Metode ini dikenal juga dengan metode neo-skolastik, yang bertitik tolak dari
tepatnya pengertian tertentu, yaitu dengan jalan analisis yang diselidiki
syarat-syarat apriori bagi pengertian yang sedemikian rumit dan
kompleks.
Ketujuh, metode fenomenologis dari Husserl, eksistensialisme yakni metode dengan
jalan beberapa pemotongan sistematis (reduction), refleksi atas fenomena dalam
kesadaran sehingga mencapai penglihatan hakikat yang murni. Kedelapan,
metode dialektis dari Hegel dan Marx, yakni metode yang digunakan dengan jalan
mengikuti dinamika pikiran sendiri, menurut triade tesis, antitesis
dan sintesis sebagai suatu hakikat kenyataan dicapai.

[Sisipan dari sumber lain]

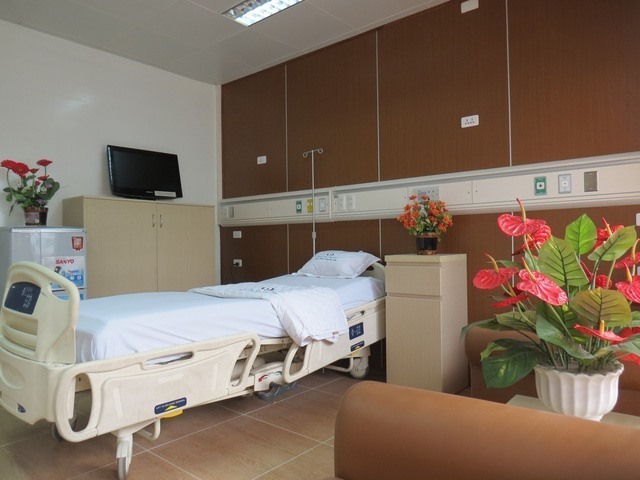 Một giường bệnh ở Bệnh viện Hữu nghị Việt Đức, Hà Nội. Ảnh: L.N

Kesembilan, metode neopositivistis. Menurut metode ini bahwa kenyataan
dipahami menurut hakikatnya dengan jalan menggunakan aturan-aturan seperti
berlaku dalam ilmu pengetahuan positif (eksakta). Kesepuluh,
metode analitika bahasa sebagaimana yang dikreasikan Wittgenstein. Metode ini
digunakan dengan jalan analisis pemakaian bahasa sehari-hari yang menentukan
sah atau tidaknya ucapan filosofis.
Metode yang
telah disebutkan diatas menunjukkan bahwa filsafat adalah sebagai ilmu
rasional. Cara berpikir yang dikembangkan oleh filosof adalah burhani. Burhani atau yang disebut dengan
metode demonstrative adalah suatu cara berpikir yang dilakukan melalui prosedur
logika Aristoteles yakni melalui penentuan premis yang kokoh demi suatu
pembuktian yang dapat dipertanggungjawabkan secara logis.
2. Metode Teologi/
Ilmu Kalam
Metode yang
digunakan teologi atau ilmu kalam untuk memahami agama ada tiga[86]:
1) Metode teologis normatif ialah upaya untuk memahami agama dengan menggunakan
kerangka ilmu ketuhanan yang bertolak dari suatu keyakinan bahwa wujud empirik
dari suatu keagamaan dianggap sebagai yang paling benar bila dibandingkan
dengan yang lainnya, 2) Metode Teologis-Dialogis yaitu mengkaji agama tertentu
dengan menggunakan perspektif agama lain. Model ini banyak digunakan oleh orientalis
dalam mengkaji Islam, dan 3) Metode Teologis-Konvergensi yang merupakan metode
pendekatan terhadap agama dengan melihat unsur-unsur persamaan dari
masing-masing agama atau aliran. Agama dan penganutnya dapat disatukan dalam
satu konsep teologi universal dan umatnya disatukan sebagai satu umat beragama.
Metode berfikir
kaum teolog dikenal dengan car berpikir jadali (dialektik). Para teolog bekerja
untuk teks-teks keagamaan sementara peran akal di dalamnya hanya bersifat alat
bantu saja. Maka dalam klasifikasi al-Jabari, teologi dimasukkan ke dalam tradisi
epistemologi bayani.
3. Metode Tasawuf
Metode-metode
tasawuf terbagi menjadi tiga macam yaitu[87]: 1)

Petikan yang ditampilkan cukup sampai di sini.